Aon Hewitt’s Jacobs says the borrowing strategy “makes tremendous sense” for investment-grade companies. “Borrowing costs are low, and you avoid the PBGC tax. I expected this to be a bigger wave than it has. I think there are still a lot of organizations that don’t want to risk overfunding because they think interest rates are going to go up,” which would which allow plans to fund up without a cash infusion from the sponsor.

But that hesitancy is less relevant with regard to fixed-income investments. Indeed, NEPC’s Smith said the debt-issuance strategy will be sound only for plan sponsors that de-risk the investment.

Playing It Safe, Managing Risk

And that’s exactly what GM intends to do. All $2 billion of the borrowed funds will be going into fixed-income instruments, according to Dhivya Suryadevara, the company’s vice president of finance, treasurer, and CEO of its GM Asset Management unit.

Dhivya Suryadevara

Dhivya Suryadevara, VP of finance, General Motors

However, Suryadevara adds, the savings on PBGC premiums is more “icing on the cake” than the primary reason for the debt-fueled contribution to the pension plan.

“It’s more about risk management,” she says. “We tend to look out a few years at what our non-operating calls on cash are going to be. Understanding that we’re in a cyclical business, we want to make sure we’re able to meet those even during a downturn.”

GM currently expects that it will not have to make significant mandatory contributions to its U.S. pension plans for the next five years. “If you pre-fund it, it pushes that mandatory contribution out a bit further,” Suryadevara notes. “In the process, we’ll also be able to save on the PBGC premiums.”

She adds that while GM will look on a regular basis at issuing additional debt to fund pension contributions, it’s not known whether or how often it will actually do so.

Corporate Outrage

There are two elements to the PBGC premiums that plan sponsors pay. First, there is a flat-rate, per-participant fee that has been rising steadily since 2006. It was $57 in 2015, is $64 this year, and will continue to rise until it hits $80 in 2019, after which it will be subject to annual inflation adjustments.

That’s not what companies are concerned about. There’s also a variable-rate premium that is a percentage of a plan’s unfunded liabilities, currently capped at $500 per year per participant. It was below 1% for many years but began rising in 2014 and for 2016 is approximately 3%. The variable rate also will keep rising until 2019, when it will reach 4.1%.

For plan sponsors with a poor funded status, premium bills will be huge. A letter sent to the PBGC last November, signed by more than 100 companies, expressed outrage at the steep increases.

“Every additional dollar that employers must pay to the PBGC is one less dollar that can be used to fund participant benefits, expand businesses, create jobs, or grow the economy,” the letter said. “Rather, these premium increases foster economic uncertainty, hamper investment, endanger jobs, and constrain economic growth.”

Further, the companies griped, “PBGC premium increases also create an unfair playing field among employers, as only the employers that voluntarily provide defined benefit pension plan benefits face this tax burden.”

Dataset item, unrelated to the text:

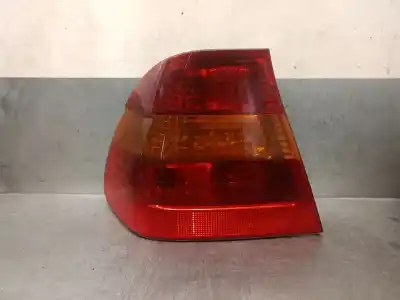 Second-hand car spare part  for BMW 3 (E46)  OEM IAM references 63216946533  63216946533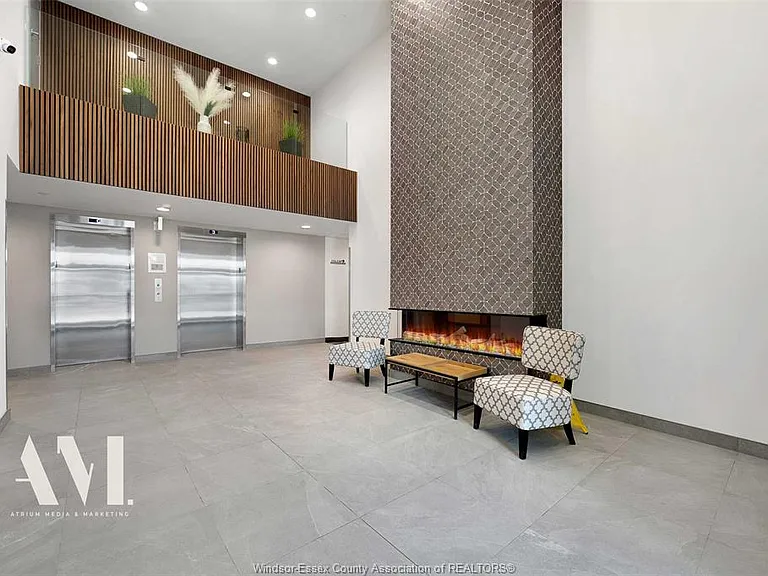 7337 Meo Blvd #616 — Photo 2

Still, the many companies that have taken advantage of the funding relief mechanisms introduced in the past two years have only themselves to blame for finding themselves in a deeper, more highly taxed hole to climb out of with respect to funded status. And in doing so they played right into the federal government’s hand.

“When the relief in MAP-21 was introduced, it was a reaction to the [then-recent] financial crisis, intended to help companies contribute less money to their plans because they had so many other needs for their cash,” says Collie. “The last two rounds of relief were both part of budget acts, which makes it very clear that the intent was to reduce tax-deductible contributions as a way to increase tax revenue and use that in budget-balancing calculations. The rationale for the relief was pretty blatantly political.”